At Intergalactic, we believe for a variety of reasons:
- Something has to replace plate fin. It’s been a reliable and useful technology, but its limitations are becoming a point of urgency across the military and commercial aerospace sectors. Microtube technology is the next evolutionary step.
- In our fairly extensive experience, microtube heat exchanges consistently cut one half to two thirds of the weight compared to a comparable plate fin heat exchanger, offering the kind of mass savings that make a big difference across a wide range of aerospace applications, including bleed air precoolers, ram air heat exchangers, vapor cycle system evaporators and condensers, and much more.
- Between Intergalactic and Reaction Engines, the microtube technology platform is extremely well tested. For our part, we’ve put stainless steel and Inconel microtube heat exchangers through 27 G’s of force, 14,000 PSI of pressure, and full Mil-810 and DO-160 environmental qualification on military fixed and rotor-wing aircraft, with full commercial qualification coming soon.
On that last point, Intergalactic is (we think) the only company in the world to fully flight qualify and flight test a microtube heat exchanger. We’ve had it flying as part of a vapor cycle system we designed for a fifth-generation military fixed wing fighter since the middle of 2023. We had heard rumblings that Reaction Engines was going to have an opportunity to flight qualify and test a microtube heat exchanger on a commercial platform soon, and we were rooting for their success to advance the technology.
What’s next for microtube heat exchangers?
At Intergalactic, we’ve taken microtube technology to TRL 9 and we’ve been busy building the capabilities and processes to ramp up manufacturing for full scale production across a wide range of applications.

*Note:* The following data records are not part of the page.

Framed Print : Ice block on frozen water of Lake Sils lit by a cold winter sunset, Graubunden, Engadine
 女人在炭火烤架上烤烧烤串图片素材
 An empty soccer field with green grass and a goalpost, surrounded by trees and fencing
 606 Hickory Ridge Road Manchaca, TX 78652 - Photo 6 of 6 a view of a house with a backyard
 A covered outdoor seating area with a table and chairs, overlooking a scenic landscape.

Our confidence in this technology starts with our patented and proprietary laser welding manufacturing process, which has provided the robustness required to perform under the most rigorous conditions. We’ve also been expanding into new materials – ranging from stainless steel to Inconel to titanium – and developing curved applications to conform to engine nacelles and aircraft fuselages.
With the wind-down of Reaction Engines, some in the industry may wonder if the future of microtube heat exchangers is in doubt. The evidence strongly points in the other direction. If anything, the fact that Reaction Engines’ microtube heat exchangers found a market before their truly novel hypersonic engine is a testament to how critical microtube technology is for both military and civil aviation right now.
At Intergalactic, we’re heartbroken that our friends at Reaction Engines met the end of their road, and we’re even more motivated to take up the torch and continue the commercialization of microtube heat exchangers and other component and system-level thermal management innovations. The future is here and innovation is no longer optional. Long live the spirit of innovation that Reaction Engines embodied from start to finish.